En 1957, à Lorient, il fut l'un des fondateurs du MOB (Mouvement pour l'organisation de la Bretagne) avec Yann Poupinot, Pierre Laurent, Yvonig Gicquel, Jean Kergren, Pierre Le Moine, premier mouvement politique breton de l'après-guerre lancé avec les conseils du fondateur du CELIB (Comité d'étude et de liaison des intérêts bretons) Joseph Martray.
Quand le MOB s'étiolera suite à la scission en janvier 1964 de l'Union démocratique bretonne, Yann Fouéré lancera le SAV (Strollad Ar Vro) en 1969, qui disparaîtra dans les cabales et remous causés par les attentats du FLB-ARB dont Yann Fouéré subira les contrecoups en étant emprisonné d'octobre 1975 à février 1976.
Après l'amnistie de 1981, Yann Fouéré participera à Bruxelles à la création de l'Alliance Libre Européenne avec les représentants de divers partis régionalistes européens puis, en 1982, lancera le POBL (Parti Pour l'Organisation d'une Bretagne Libre), qui avait une vocation de parti fédéraliste breton et européen.
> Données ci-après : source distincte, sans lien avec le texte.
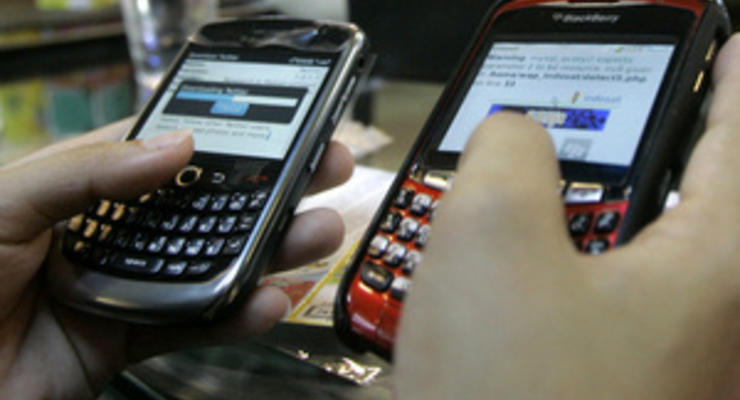 Чат смартфонов BlackBerry помогает участникам беспорядков в Англии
Le POBL connaîtra un certain succès dans les milieux d'action bretonne jusqu'au début des années 90 du siècle dernier, avant de décliner dans la dernière décennie du siècle et de se mettre en sommeil. Yann Fouéré désormais très âgé utilisera alors ses dernières forces pour sauvegarder ses archives personnelles et celles des mouvements et publications qu'il contribua à créer et animer.
Sa mort le 21 octobre dernier marque la fin d'une époque qui vit le combat pour l'identité bretonne acquérir la visibilité auprès du grand public à défaut d'une adhésion massive. Pour atteindre ce résultat, il fallut que des militants de toutes origines se dévouent, s'exposent et se battent, au prix souvent d'énormes sacrifices, pour que la Bretagne continue d'exister, conserve tout son territoire et obtienne sa liberté d'action économique et culturelle dans la reconnaissance de son histoire, de sa langue et de sa culture.
Puissent leurs successeurs suivre leur exemple pour édifier désormais la Bretagne de l'avenir par l'engagement ferme et tenace des jeunes générations dont il faut espérer qu'elles mettent notamment à profit les nouveaux réseaux et moyens de communication pour que le rêve breton devienne réalité.